Proceeding in this way we always increase the number of linear segments {k_n} for the {n\times n}-case from {k_n} to {k_{n+1} = 3k_n-1} in each step and one checks easily that this leads to {k_n = (3^n+1)/2} which is the worst case! If you are interested in the regularization path: I produced picture for the first three dimensions (well, I could not draw a 4d {\ell^1}-ball) and here they are:

1d Mairal-Yu example


2d Mairal-Yu example


3d Mairal-Yu example

It is not really easy to perceive the whole paths from the pictures because the magnitude of the entries vary strongly. I’ve drawn the path in red, each kink marked with a small circle. Moreover, I have drawn the according {\ell^1}-balls of the respective radii to provide more geometric information.

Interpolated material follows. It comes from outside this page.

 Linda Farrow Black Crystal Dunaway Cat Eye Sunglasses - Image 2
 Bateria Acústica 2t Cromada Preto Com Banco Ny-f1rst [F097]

The paper by Mairal and Yu has more results of the paths if one looks for approximate solutions of the linear system but I will not go into detail about them here.

At least two questions come to mind:

  • The Mairal-Yu example is {n\times n}. What is the worst case complexity for the true rectangular case? In other words: What is the complexity for {p\times n} in terms of {p} and {n}?
  • The example and the construction leads to matrices that does not have normed columns and moreover, they are far from being equal in norm. But matrices with normed columns seem to be more “well behaved”. Does the worst case complexity lowers if the consider matrices with unit-norm columns? Probably one can construct a unit-norm example by proper choice of {b}